When a line below contains the word "Diamonds", copy that line.

• LISTED RECORDS:
....

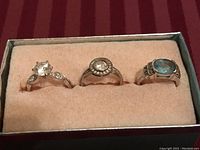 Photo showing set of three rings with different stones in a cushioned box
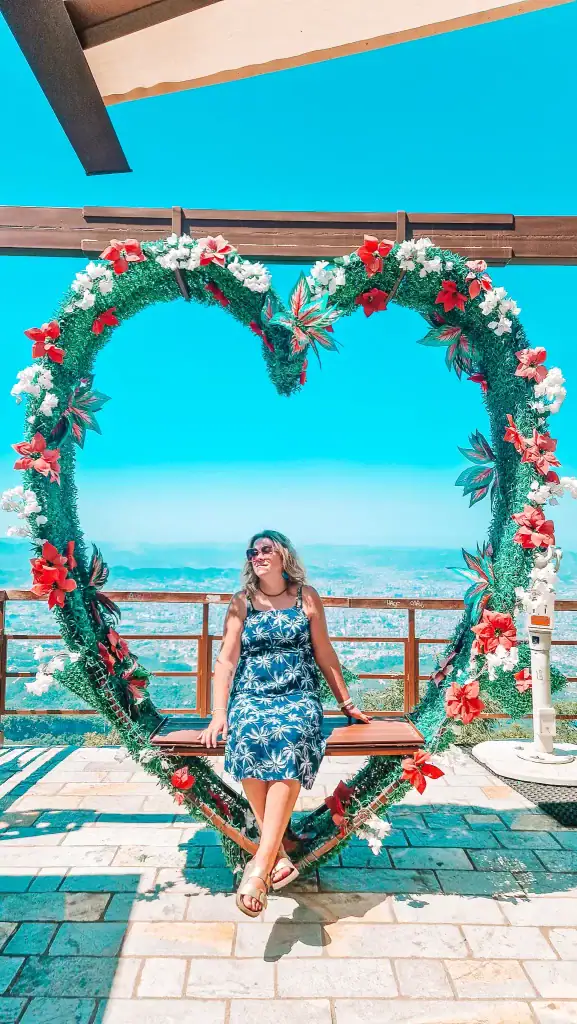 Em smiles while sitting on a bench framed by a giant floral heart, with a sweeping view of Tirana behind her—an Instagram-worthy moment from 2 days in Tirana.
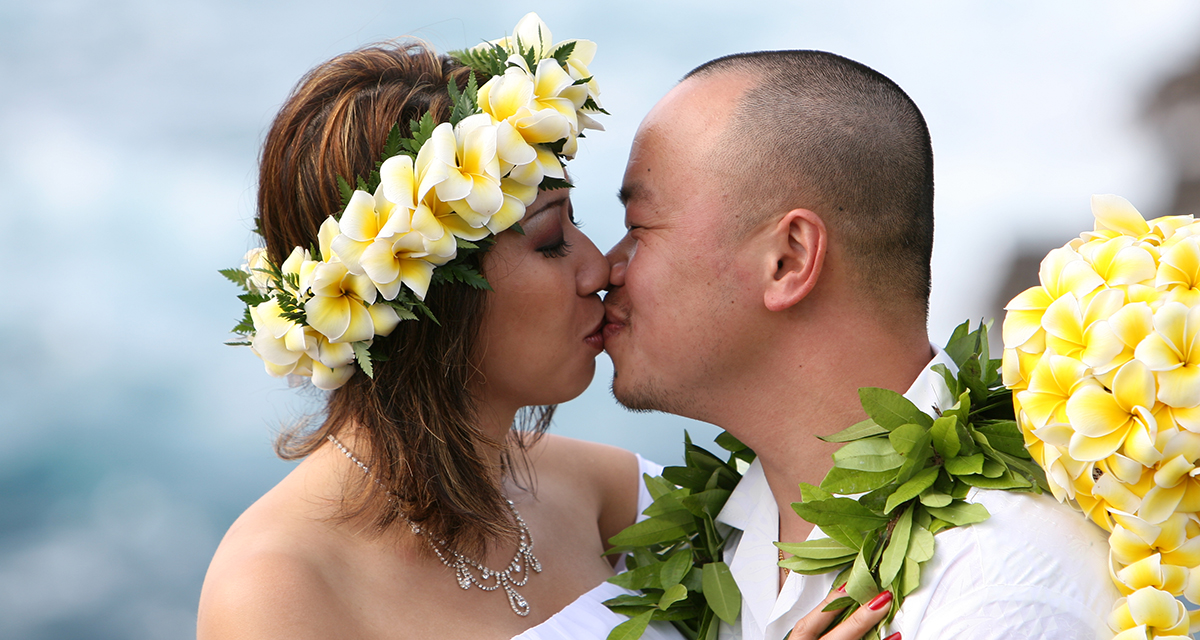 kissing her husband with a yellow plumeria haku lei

....

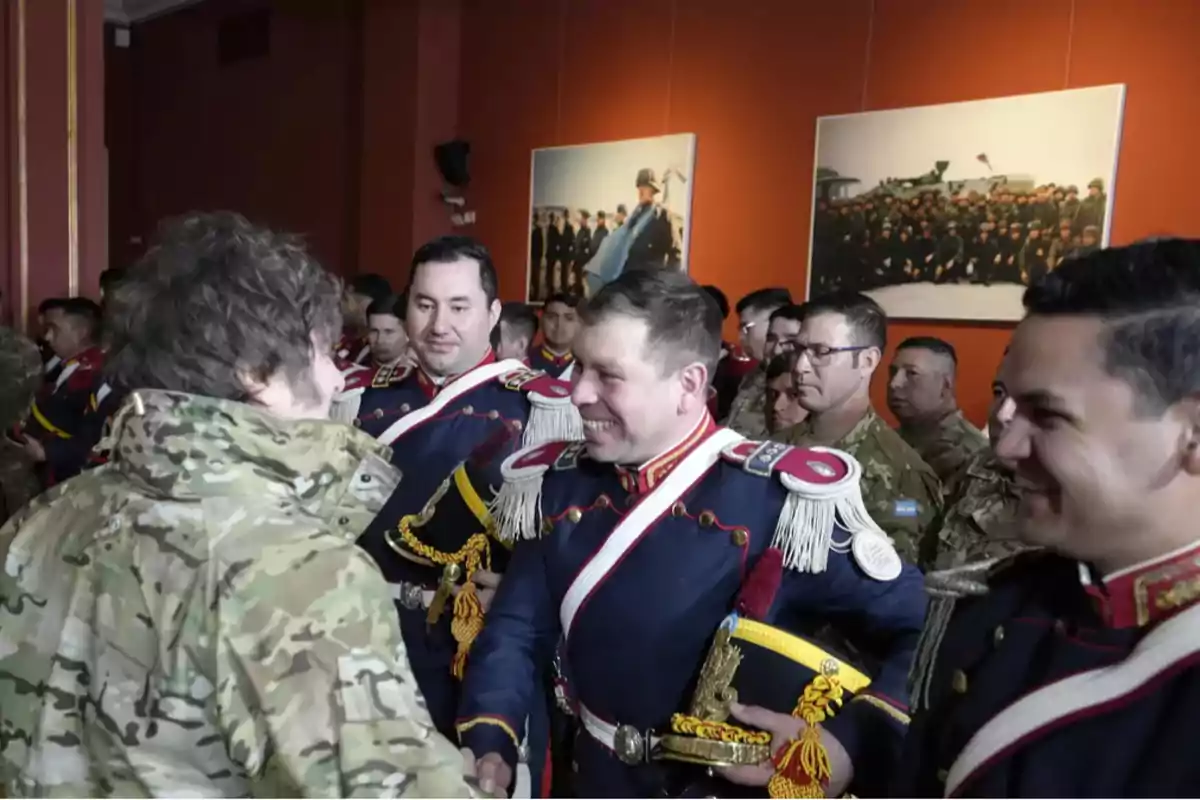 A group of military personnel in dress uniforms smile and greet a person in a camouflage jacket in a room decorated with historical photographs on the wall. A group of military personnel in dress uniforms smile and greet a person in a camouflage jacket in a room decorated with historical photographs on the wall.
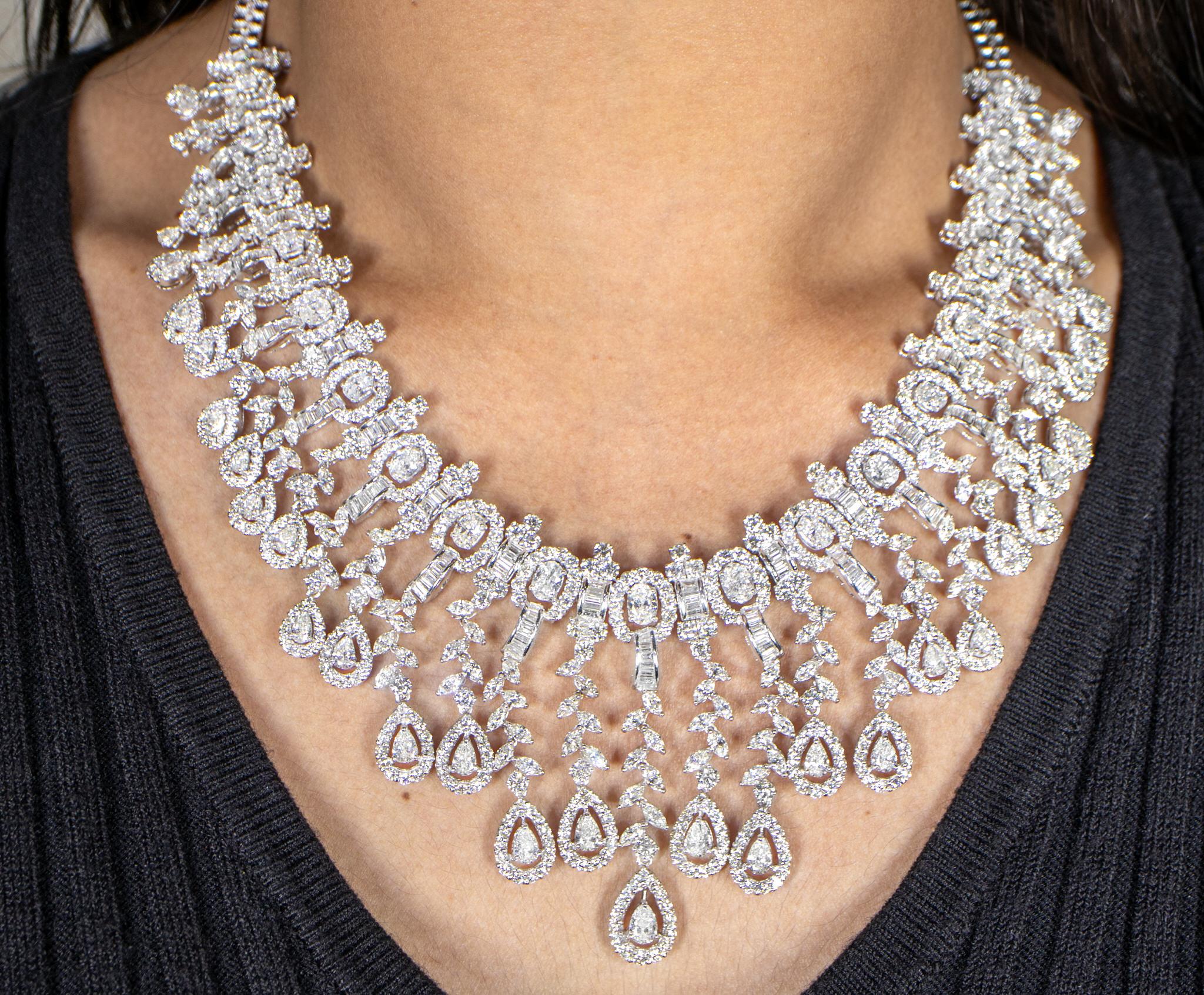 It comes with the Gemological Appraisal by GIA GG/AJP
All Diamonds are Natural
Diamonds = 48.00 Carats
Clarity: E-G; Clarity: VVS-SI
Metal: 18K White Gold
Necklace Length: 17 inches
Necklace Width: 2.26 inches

....

• RESPONSE AREA:
All Diamonds are Natural
Diamonds = 48.00 Carats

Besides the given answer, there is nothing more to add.